─── Listed entries

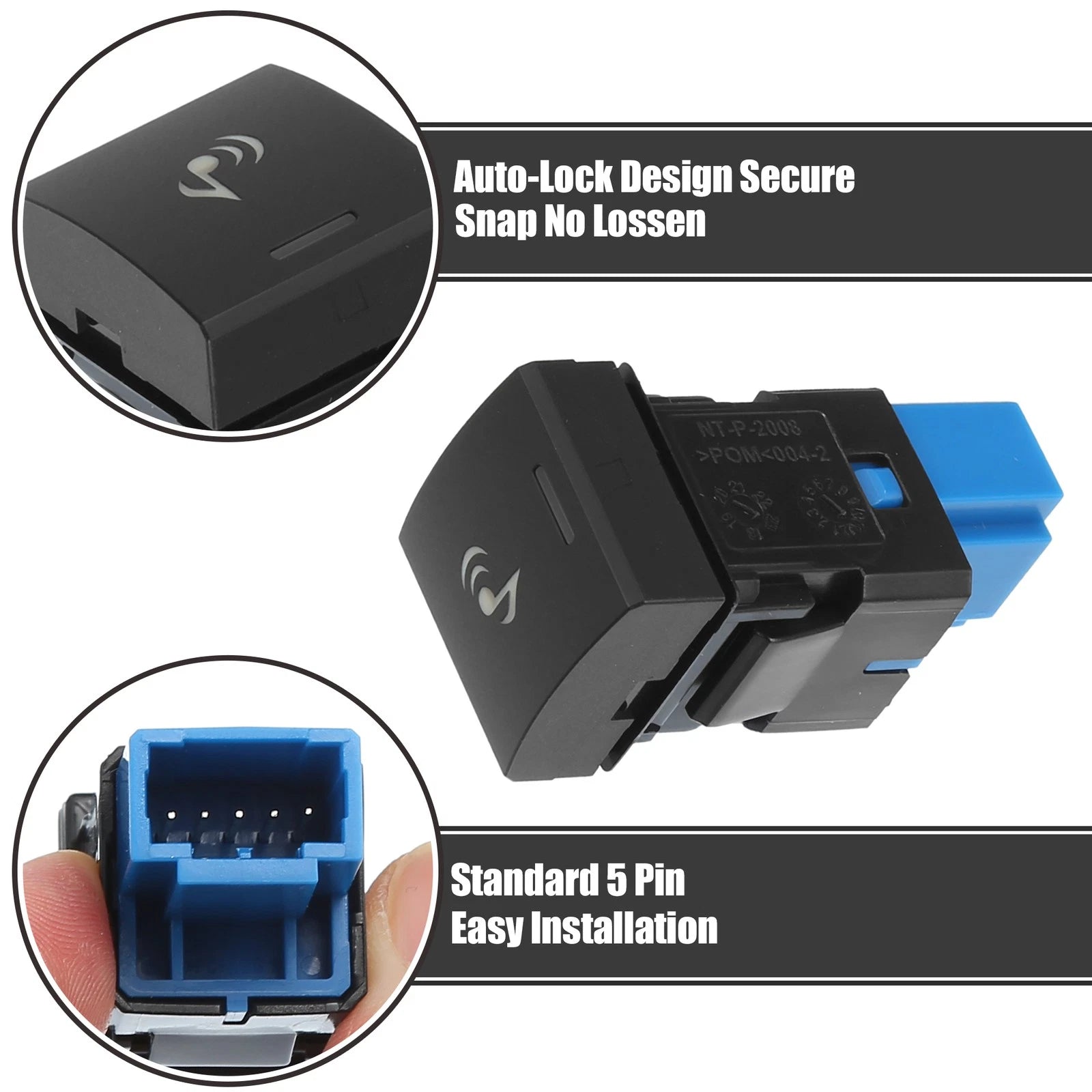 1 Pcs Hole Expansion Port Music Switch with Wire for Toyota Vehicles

──────
─── Listed entries

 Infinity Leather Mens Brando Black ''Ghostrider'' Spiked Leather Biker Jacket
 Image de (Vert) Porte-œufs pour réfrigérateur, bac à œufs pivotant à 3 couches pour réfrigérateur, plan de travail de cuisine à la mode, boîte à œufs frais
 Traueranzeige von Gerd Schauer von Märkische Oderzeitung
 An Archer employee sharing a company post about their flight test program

──────
─── Listed entries

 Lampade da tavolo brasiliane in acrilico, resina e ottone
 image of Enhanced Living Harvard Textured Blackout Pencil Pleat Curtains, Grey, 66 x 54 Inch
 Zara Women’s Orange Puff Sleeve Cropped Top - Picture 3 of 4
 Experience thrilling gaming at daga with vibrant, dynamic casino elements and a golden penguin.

──────

• Directions for this task
Search the listing above for the lines with "image of Enhanced" and "Experience thrilling gaming", then output those lines and all lines between them exactly.

• Response area
 image of Enhanced Living Harvard Textured Blackout Pencil Pleat Curtains, Grey, 66 x 54 Inch
 Zara Women’s Orange Puff Sleeve Cropped Top - Picture 3 of 4
 Experience thrilling gaming at daga with vibrant, dynamic casino elements and a golden penguin.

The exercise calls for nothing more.